Monday, May 13, 2019

Market Commentary for the week of May 13, 2019




Remain in your seats

I think an attitude adjustment is called for.

As I explained last week, markets are always, and most particularly, susceptible to disruptions and tumultuousness when they trade so very close to upside inflection points.  And sure enough, all it took last week was a series of tweets, pronouncements, and threats from Federal officials on a myriad of topics ranging from tariffs to judicial review to set off a panic that shaved several percentage points from the apex of the Dow Jones and a slew of "basis points" from the bond market in response.

But here is the key question: "is every cyclical event that befalls the economy necessarily a bubble, a crash, or a crisis?"

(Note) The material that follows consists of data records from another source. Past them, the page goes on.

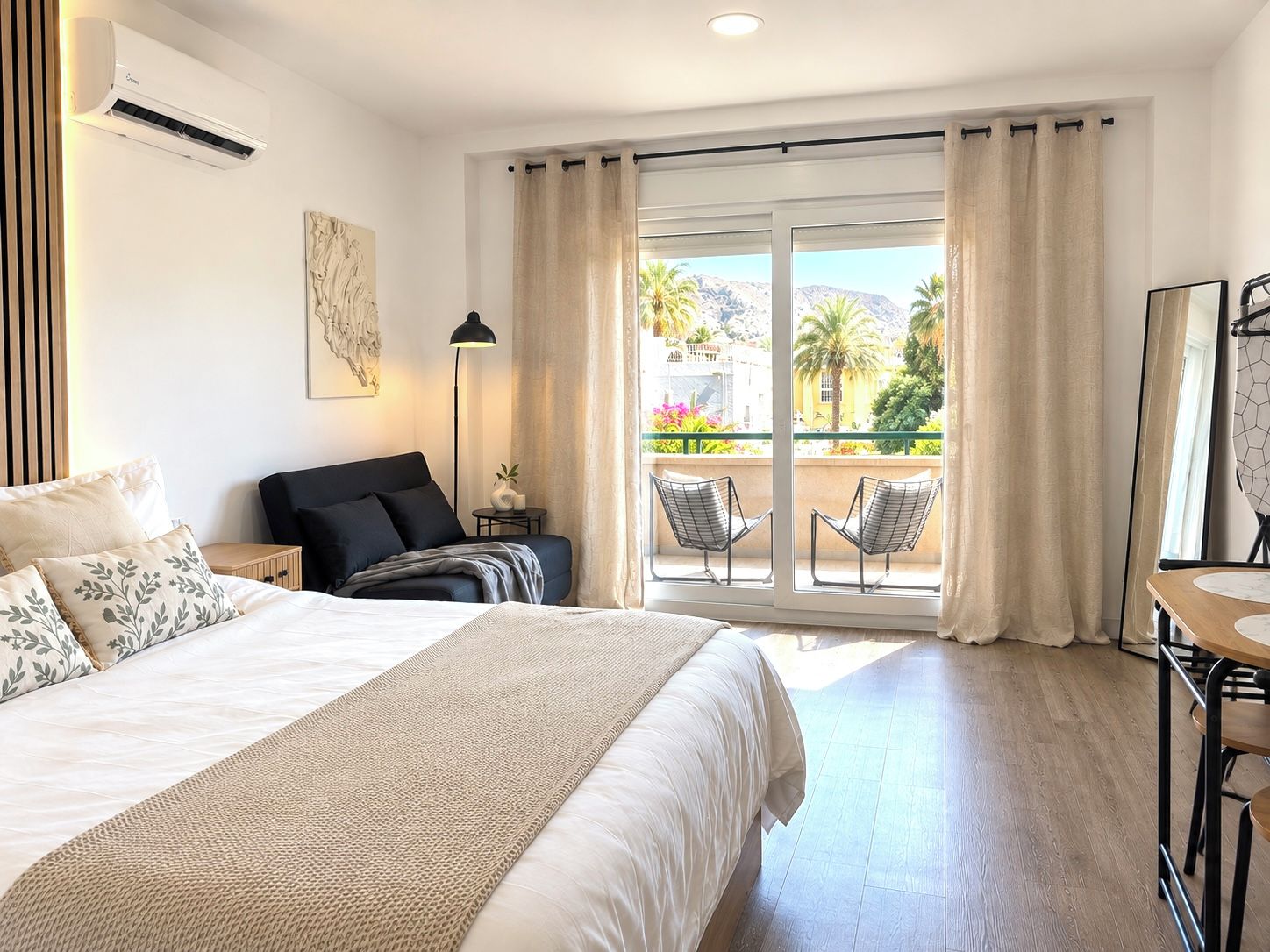 A hotel room with a bed, a desk, a chair, a balcony with a view, and an air conditioning unit.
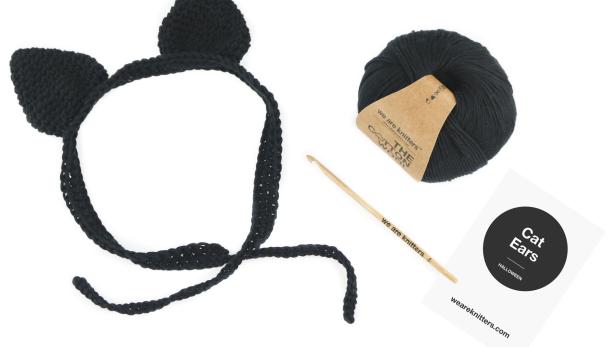 Ein Stirnband mit gehäkelten Katzenohren, eine Häkelnadel und ein Wollknäuel von We Are Knitters.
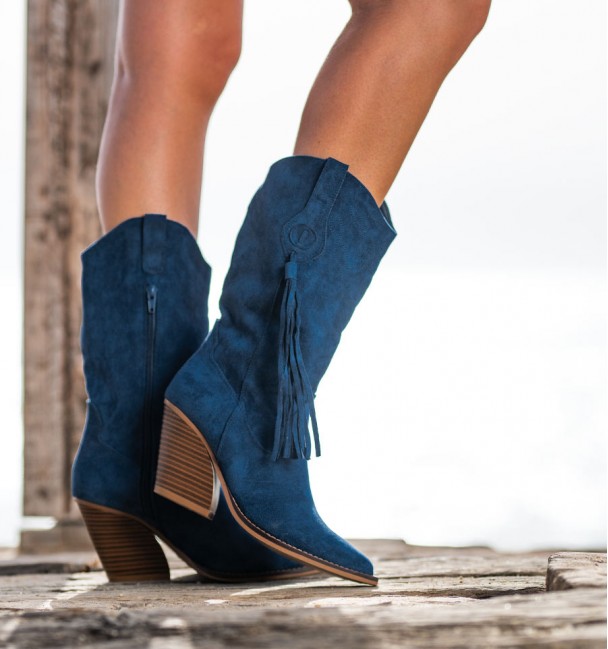Pernas femininas com botas de cowboy femininas na cor azul com salto cubano e o mar ao fundo.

Look, it is normal to have aberrations and swings in economic data, even if they are only inspired by silly rhetoric or histrionics.  There is risk in everything in life, and no circumstance really traverses a linear  reaction when we know that the world is made up of highs and lows tracing a parabolic  curve.  One must accept that fact and embrace the ebb and flow of life's currents.

More importantly, one must decide if they are mentally tough enough to accept the risks that investing represents.  The surest way to succumb to panic is to be absent an unyielding methodology that one has faith in and which best responds to one's ability to withstand those risks.  Remember, it's not the gains you make that solidify a portfolio's progress, it is the big losses you are able to avoid...the kind from which recovery is an insurmountable and time-consuming obstacle.  And most of all, withdrawing from the process altogether is a prologue to fear and failure.  Performance is a long term proposition and not for the faint of heart.

Yes, there are current warning signs which might inhibit the market's unbridled journey upwards.  For example, the public's obsession with interest rates is forcing investors literally to micro-manage their portfolios unnecessarily.  A fascination with the Fed's cash reserve balances becomes the precursor to economic activity that hastens a staccato pace of trading and an overabundance of crisis-mode manipulation.  It is wrong to affix a binary choice to those kinds of data such that the nuance of investing becomes entangled with instantaneous rebalancing of portfolios or, worse, selling everything to avoid the news at any cost

Fortunately, prudent methodology can help to mitigate the challenges of understanding micro data while still acknowledging that fluctuations happen even when the trajectory is correct.

Wait for the captain's instructions

It is fruitless to try to predict the actions of the Fed or global central bankers.  Suffice it to say that stocks are at or near record highs and bond yields are at or near historical lows.  In each instance, a reversion to the mean...away from the maximum extreme....would not be a surprise, nor a catastrophe the kind of which is being portrayed by today's activity and behavior.

Anything and everything is possible, but a regression back to a recession is not the most likely scenario.  Real bubbles are usually the result of excess....and few would say that, with the exception of the S&P, the economy as a whole is in an excess.  That type of leverage is in the rear view mirror.  Nevertheless, brace yourself for more frothiness as a result of political posturing and other "exogenous news" events that capture the imagination of the media, pushing aside the real underlying story of the global recovery and market success.  

However, one of the most insidious historical changes that has  taken place is the omnipresence of the internet and access to information instantaneously through the media and other technologies.  A preoccupation with this thirst for news influences upticks and downticks in an unhealthy way, and sometimes is irrelevant to the real situation on the ground.  Certainly, it is useless for the "average" investor to be stressed by every nano-bit of information because it causes too much anxiety and has the potential to derail even the most steady of portfolio progressions.